In January, GE Healthcare debuted on Nasdaq after officially spinning-off from its parent company, following an announcement from GE late last year that it would be splitting into three companies: GE Aerospace, GE HealthCare, and GE Verona (which is the combination of GE Renewable Energy, GE Power, GE Digital, and GE Energy Financial Services).
Since becoming its own company, GE Healthcare has entered into an agreement to acquire IMACTIS, a company in the field of computed tomography interventional guidance, as well as buying ultrasound guidance startup Caption Health.
The company has also partnered with Advantus Health Partners, a health care solutions company, to provide GE HealthCare’s Healthcare Technology Management services to Advantus Health Partners’ clients for 10 years, as well as an announcement of US FDA 510(k) clearance of its CARESCAPE Canvas patient monitoring platform.

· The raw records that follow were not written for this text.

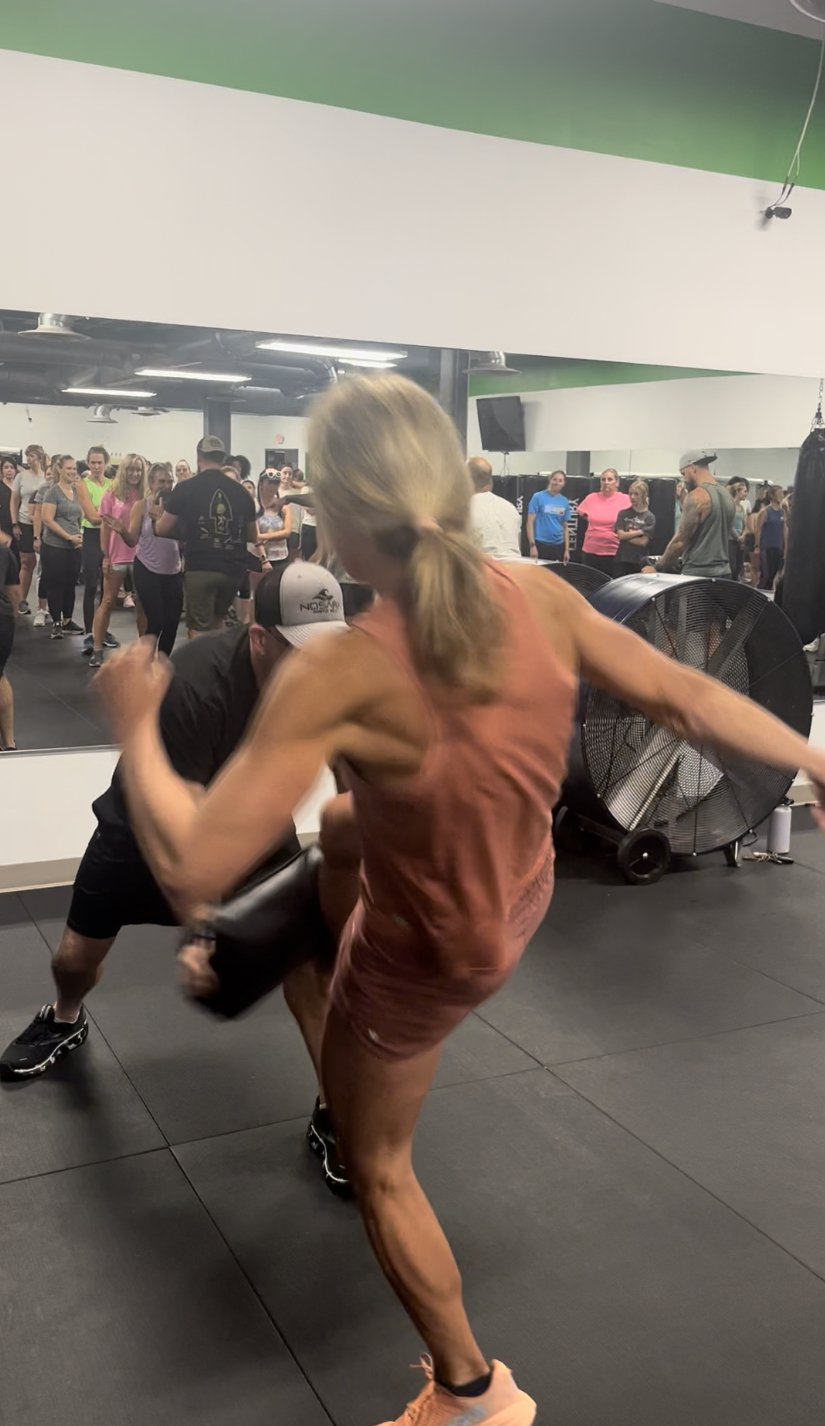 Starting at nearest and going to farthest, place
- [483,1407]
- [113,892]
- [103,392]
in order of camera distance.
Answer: [483,1407], [113,892], [103,392]

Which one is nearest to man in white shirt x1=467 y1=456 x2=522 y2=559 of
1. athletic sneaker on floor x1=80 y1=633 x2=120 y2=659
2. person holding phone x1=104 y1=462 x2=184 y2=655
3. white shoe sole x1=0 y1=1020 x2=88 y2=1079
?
person holding phone x1=104 y1=462 x2=184 y2=655

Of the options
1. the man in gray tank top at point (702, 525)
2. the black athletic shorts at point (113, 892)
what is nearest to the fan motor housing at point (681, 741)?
the man in gray tank top at point (702, 525)

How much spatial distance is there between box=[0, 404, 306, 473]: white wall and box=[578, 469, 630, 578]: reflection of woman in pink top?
4.82 ft

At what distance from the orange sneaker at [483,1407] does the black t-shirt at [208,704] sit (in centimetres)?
104

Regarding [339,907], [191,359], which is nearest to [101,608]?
[191,359]

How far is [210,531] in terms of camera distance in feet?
13.3

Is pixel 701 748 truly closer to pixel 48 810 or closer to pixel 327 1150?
pixel 327 1150

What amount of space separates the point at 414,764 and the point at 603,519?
12.6 feet

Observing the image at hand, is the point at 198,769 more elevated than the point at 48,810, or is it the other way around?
the point at 198,769

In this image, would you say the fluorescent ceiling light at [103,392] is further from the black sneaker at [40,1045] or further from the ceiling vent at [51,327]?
the black sneaker at [40,1045]

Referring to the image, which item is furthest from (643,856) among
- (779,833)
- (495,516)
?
(495,516)

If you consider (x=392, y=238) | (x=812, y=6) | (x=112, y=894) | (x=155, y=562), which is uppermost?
(x=812, y=6)

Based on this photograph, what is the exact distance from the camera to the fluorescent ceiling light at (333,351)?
158 inches

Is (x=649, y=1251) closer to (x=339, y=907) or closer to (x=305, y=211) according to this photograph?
(x=339, y=907) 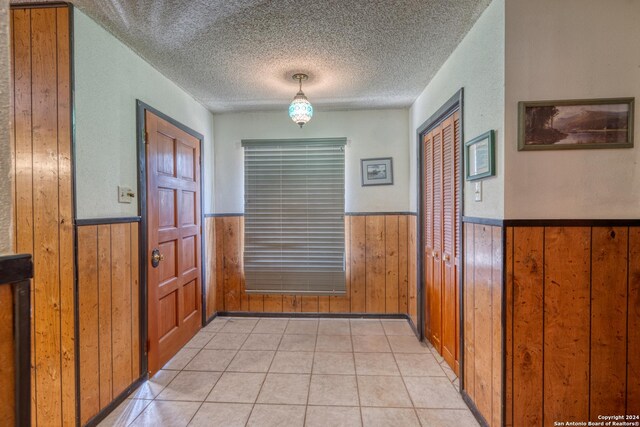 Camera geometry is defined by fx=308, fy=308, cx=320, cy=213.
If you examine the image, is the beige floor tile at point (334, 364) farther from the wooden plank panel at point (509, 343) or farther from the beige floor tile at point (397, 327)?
the wooden plank panel at point (509, 343)

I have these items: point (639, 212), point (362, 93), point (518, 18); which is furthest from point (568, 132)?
point (362, 93)

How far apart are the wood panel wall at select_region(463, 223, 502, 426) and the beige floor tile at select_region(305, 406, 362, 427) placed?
735mm

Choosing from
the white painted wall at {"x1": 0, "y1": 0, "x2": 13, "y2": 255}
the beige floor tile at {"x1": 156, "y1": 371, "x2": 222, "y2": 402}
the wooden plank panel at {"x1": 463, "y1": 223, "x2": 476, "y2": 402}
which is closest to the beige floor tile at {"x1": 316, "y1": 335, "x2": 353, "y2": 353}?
the beige floor tile at {"x1": 156, "y1": 371, "x2": 222, "y2": 402}

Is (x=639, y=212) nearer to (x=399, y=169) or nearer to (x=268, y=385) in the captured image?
(x=399, y=169)

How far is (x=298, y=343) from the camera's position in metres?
2.88

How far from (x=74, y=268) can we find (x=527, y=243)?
238cm

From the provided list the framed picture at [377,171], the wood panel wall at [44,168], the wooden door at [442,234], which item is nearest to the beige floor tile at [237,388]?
the wood panel wall at [44,168]

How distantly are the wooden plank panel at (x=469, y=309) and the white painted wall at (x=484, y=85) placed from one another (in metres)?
0.17

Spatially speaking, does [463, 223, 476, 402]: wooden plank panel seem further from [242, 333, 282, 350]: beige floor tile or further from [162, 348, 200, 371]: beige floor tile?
[162, 348, 200, 371]: beige floor tile

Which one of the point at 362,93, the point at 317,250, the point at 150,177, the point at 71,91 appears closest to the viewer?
the point at 71,91

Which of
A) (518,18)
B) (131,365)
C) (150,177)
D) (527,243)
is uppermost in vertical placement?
(518,18)

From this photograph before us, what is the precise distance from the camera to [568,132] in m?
1.50

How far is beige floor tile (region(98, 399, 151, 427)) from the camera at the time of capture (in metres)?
1.85

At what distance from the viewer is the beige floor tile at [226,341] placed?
2820 mm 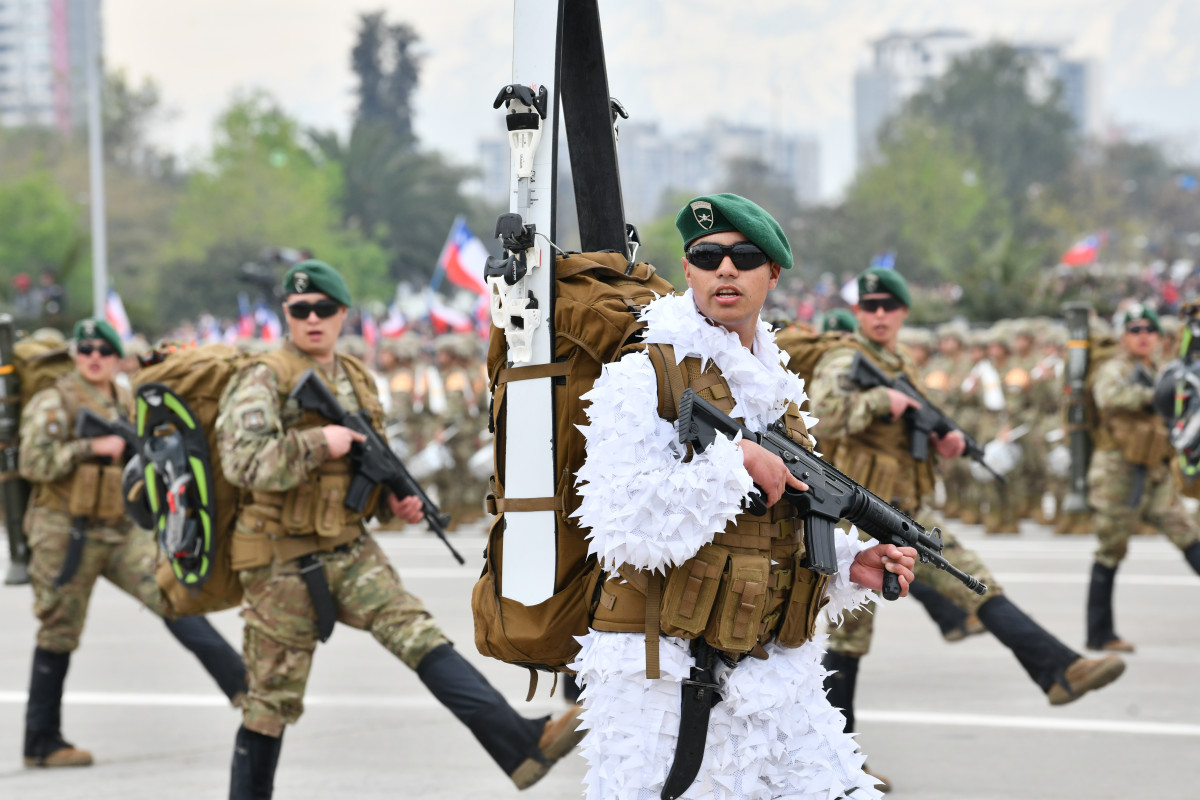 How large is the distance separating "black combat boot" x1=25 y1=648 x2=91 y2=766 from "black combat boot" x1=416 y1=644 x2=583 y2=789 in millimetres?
2548

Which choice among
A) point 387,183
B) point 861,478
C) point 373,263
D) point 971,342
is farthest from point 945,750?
point 387,183

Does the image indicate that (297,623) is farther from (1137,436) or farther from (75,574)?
(1137,436)

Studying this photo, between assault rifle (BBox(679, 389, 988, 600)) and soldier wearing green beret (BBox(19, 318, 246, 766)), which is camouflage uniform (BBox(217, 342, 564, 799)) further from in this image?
assault rifle (BBox(679, 389, 988, 600))

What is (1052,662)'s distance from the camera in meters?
6.84

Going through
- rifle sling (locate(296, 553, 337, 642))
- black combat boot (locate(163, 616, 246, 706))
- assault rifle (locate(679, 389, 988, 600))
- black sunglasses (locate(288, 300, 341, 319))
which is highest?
black sunglasses (locate(288, 300, 341, 319))

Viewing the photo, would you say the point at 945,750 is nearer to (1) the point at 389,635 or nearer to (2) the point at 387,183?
(1) the point at 389,635

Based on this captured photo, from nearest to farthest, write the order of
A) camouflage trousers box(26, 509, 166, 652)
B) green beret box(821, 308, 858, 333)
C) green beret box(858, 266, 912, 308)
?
green beret box(858, 266, 912, 308) → camouflage trousers box(26, 509, 166, 652) → green beret box(821, 308, 858, 333)

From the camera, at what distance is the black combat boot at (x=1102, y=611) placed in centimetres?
985

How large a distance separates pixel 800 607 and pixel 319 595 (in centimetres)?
259

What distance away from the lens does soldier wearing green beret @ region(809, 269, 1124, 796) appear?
686 centimetres

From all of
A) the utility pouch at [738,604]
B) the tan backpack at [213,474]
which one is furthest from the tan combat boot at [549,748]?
the utility pouch at [738,604]

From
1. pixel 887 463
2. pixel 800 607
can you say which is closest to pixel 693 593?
pixel 800 607

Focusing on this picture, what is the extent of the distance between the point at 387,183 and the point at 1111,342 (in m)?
60.4

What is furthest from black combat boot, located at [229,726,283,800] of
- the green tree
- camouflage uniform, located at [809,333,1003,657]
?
the green tree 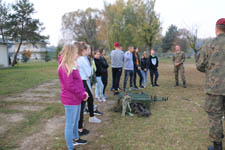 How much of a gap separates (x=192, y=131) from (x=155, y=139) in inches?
38.3

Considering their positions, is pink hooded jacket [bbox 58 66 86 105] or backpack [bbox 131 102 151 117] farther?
backpack [bbox 131 102 151 117]

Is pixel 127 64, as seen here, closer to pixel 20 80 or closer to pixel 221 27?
pixel 221 27

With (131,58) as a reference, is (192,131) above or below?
below

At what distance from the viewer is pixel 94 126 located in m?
4.24

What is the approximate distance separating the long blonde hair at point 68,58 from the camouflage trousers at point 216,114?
2386mm

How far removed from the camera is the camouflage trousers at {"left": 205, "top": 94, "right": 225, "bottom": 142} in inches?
112

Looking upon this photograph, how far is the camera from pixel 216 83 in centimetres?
285

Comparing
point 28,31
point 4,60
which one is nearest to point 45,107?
point 4,60

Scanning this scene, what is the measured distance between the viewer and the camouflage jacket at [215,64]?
9.26 ft

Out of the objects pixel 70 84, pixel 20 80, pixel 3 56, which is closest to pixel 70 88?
pixel 70 84

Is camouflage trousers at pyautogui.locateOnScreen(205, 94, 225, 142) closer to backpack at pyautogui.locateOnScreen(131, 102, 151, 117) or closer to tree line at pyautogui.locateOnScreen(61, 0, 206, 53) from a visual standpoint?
backpack at pyautogui.locateOnScreen(131, 102, 151, 117)

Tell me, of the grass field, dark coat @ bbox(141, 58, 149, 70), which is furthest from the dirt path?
dark coat @ bbox(141, 58, 149, 70)

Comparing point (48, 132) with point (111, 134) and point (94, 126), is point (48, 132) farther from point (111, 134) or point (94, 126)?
point (111, 134)

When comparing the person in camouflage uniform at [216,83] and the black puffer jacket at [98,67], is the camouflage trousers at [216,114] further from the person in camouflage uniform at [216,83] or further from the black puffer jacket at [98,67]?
the black puffer jacket at [98,67] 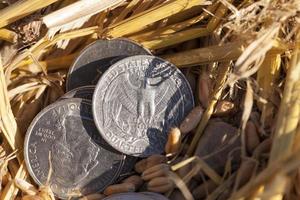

"Our goal is to make it easier for Children's Mercy to orchestrate daily patient care, which in the end means it's that much easier to answer the crucial question: can you accept this child," Jeff Terry, CEO, Command Centers at GE HealthCare, said in a statement.
"The Patient Progression Hub combines several existing teams into a new center-of-gravity for patient access and supports throughput and quality care delivery. GE HealthCare is proud to provide its 'Command Center' software which is used in the Hub and across Children's Mercy."